Le 18 mai, les militants ont tenté de déjouer le dispositif répressif. Séparés en plusieurs groupes, ils sont arrivés à détourner l’attention des forces de polices, en s’engageant dans une course poursuite à travers les rues de Francfort et permettant ainsi à un des groupes de militants d’atteindre symboliquement l’entrée du site de la BCE. Non sans mal, car plus de 400 arrestations ont eu lieu ce jour là. Dans la plupart des cas, des ordres de quitter la ville dans les deux heures étaient notifiés aux étrangers. Sans compter que sous prétexte d’une situation exceptionnelle, la police se réservait le droit de prolonger les gardes à vues de 24 à 72h (soit pendant toute la durée des actions). Notons cependant que, pour des raisons encore floues, les personnes arrêtées ont été relâchées dans les heures qui ont suivi.

Bien que la police ait tenté d’empêcher que les militants y accèdent, les seuls endroits de la ville où ils ont pu se réfugier durant leur présence à Francfort étaient l’Université Johann Wolfgang Goethe et les locaux de la DGB (Confédération des syndicats de la région Francfort Rhin-Main). Des cuisines populaires y étaient organisées, ainsi que l’accueil des personnes venues d’Allemagne, de Belgique, des Pays Nordiques, de France, d’Italie, d’Espagne et d’ailleurs. Des conférences et des assemblées s’y sont déroulées également. Nous déplorons néanmoins – vu la dimension internationale des assemblées – que la plupart d’entre elles ne se soient tenues qu’en Allemand.

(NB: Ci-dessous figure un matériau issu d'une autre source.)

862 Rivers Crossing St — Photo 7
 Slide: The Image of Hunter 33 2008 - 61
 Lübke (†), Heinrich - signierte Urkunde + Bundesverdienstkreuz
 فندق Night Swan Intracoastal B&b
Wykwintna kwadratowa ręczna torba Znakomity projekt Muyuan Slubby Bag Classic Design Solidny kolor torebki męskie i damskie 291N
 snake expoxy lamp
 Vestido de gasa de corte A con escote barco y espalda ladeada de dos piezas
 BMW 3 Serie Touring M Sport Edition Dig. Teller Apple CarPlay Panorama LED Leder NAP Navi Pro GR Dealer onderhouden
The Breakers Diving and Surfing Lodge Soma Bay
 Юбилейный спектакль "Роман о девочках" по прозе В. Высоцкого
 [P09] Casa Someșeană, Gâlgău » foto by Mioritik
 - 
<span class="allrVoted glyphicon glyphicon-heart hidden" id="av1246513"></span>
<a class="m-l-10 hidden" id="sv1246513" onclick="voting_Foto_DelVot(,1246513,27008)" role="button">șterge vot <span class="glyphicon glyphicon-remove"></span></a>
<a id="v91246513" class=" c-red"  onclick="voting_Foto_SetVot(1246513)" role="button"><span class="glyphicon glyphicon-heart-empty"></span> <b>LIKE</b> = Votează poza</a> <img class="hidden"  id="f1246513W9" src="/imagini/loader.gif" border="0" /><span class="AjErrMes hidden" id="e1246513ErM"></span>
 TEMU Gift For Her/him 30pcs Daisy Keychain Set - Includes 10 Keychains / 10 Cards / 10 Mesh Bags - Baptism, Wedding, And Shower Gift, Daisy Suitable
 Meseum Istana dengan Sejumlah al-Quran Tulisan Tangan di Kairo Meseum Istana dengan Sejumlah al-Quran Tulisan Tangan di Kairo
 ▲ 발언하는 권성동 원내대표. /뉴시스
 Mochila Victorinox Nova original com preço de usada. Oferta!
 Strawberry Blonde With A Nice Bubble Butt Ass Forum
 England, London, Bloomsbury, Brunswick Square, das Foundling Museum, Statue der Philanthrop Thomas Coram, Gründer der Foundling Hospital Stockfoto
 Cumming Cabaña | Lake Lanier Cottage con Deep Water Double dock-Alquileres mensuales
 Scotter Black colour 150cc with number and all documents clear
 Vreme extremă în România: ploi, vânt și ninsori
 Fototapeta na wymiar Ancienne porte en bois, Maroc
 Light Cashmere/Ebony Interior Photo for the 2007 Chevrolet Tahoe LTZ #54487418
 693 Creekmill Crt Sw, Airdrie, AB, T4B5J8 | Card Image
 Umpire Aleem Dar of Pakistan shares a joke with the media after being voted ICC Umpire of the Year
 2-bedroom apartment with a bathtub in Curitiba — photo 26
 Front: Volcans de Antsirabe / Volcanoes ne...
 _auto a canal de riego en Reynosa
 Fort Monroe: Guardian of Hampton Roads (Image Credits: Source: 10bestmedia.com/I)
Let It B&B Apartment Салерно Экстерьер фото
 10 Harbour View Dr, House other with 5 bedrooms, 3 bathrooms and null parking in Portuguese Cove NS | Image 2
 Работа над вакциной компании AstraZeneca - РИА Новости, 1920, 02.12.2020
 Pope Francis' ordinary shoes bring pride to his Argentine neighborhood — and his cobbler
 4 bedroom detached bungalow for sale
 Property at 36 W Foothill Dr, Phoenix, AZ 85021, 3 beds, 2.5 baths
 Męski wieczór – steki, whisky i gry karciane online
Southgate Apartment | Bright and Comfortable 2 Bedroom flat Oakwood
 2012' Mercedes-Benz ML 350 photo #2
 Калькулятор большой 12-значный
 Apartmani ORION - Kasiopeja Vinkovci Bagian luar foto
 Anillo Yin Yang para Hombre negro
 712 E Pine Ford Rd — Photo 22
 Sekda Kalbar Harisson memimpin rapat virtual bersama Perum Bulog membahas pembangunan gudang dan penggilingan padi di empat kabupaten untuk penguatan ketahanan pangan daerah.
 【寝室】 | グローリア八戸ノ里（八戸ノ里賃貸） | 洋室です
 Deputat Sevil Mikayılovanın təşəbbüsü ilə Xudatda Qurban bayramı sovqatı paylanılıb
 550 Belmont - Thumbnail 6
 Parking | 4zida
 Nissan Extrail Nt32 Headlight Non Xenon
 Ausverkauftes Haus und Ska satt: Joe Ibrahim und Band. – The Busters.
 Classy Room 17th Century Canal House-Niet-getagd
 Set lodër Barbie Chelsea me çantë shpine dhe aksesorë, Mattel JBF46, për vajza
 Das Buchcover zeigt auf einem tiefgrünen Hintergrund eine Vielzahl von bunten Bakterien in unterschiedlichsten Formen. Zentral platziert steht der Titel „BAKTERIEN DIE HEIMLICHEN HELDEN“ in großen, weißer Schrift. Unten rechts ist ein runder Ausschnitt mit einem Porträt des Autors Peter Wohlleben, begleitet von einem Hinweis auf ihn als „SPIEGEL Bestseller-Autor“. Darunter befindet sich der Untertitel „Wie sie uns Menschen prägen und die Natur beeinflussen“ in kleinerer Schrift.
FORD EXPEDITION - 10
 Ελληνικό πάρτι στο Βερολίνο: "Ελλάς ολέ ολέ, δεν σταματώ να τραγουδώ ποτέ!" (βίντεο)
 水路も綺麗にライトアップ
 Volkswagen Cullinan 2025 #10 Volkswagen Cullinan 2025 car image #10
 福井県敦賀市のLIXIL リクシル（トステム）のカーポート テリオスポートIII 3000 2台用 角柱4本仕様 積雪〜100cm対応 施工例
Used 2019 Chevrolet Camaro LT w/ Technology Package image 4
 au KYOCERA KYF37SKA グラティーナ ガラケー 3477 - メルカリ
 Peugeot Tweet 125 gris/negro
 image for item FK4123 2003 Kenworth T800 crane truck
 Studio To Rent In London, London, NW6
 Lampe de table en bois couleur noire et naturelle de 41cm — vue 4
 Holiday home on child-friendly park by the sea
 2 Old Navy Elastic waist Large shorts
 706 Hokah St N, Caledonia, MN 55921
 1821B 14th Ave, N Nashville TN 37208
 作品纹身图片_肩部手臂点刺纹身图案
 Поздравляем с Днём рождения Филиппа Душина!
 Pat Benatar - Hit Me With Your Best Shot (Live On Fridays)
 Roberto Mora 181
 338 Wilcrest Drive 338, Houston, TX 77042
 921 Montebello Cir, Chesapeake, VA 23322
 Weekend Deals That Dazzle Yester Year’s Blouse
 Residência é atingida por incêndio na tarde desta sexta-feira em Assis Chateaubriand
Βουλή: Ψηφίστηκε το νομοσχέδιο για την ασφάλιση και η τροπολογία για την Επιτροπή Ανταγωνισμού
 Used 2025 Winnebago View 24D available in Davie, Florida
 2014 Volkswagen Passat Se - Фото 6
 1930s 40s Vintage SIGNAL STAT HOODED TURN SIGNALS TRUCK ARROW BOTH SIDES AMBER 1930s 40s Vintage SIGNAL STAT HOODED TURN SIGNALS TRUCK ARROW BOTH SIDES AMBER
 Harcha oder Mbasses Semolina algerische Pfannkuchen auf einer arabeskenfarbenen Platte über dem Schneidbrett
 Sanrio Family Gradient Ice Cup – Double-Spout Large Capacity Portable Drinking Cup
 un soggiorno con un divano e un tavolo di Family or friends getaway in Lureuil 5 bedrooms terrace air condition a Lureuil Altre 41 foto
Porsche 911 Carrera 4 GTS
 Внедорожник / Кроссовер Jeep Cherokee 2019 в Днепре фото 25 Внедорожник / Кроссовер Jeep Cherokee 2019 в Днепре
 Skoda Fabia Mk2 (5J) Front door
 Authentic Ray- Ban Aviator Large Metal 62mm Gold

Le 19 mai – seule journée de manifestation autorisée – fût un succès, tant en terme de coordination que de pacifisme. Plus de 20.000 personnes d’après la police (25.000 d’après les organisateurs) ont défilé dans les rues jouxtant le quartier des affaires. La particularité du cortège résidait indubitablement dans sa composition. Plus d’une quarantaine de collectifs différents y ont évolué. Les partis, les syndicats et les organisations en tête, suivis par les mouvements sociaux.

Relations entre organisations institutionnalisées et mouvements sociaux

“A la DGB, il y avait les institutions et à l’unif, il y avait les mouvements sociaux”, me disait un militant. La police s’est effectivement employée à contenir et à limiter les déplacements dans la ville en isolant les différents intervenants : des dizaines de fourgons et de caméras ont été postés aux accès à l’université et à la DGB pour intimider les militants et limiter leurs mouvements et leur potentiel de convergence. Il s’agissait pour les chiens de garde du capital de tout faire pour étouffer l’unité des différents mouvements. C’était sans compter que ces derniers cultivent et entretiennent des rapports de plus en plus fédérateurs.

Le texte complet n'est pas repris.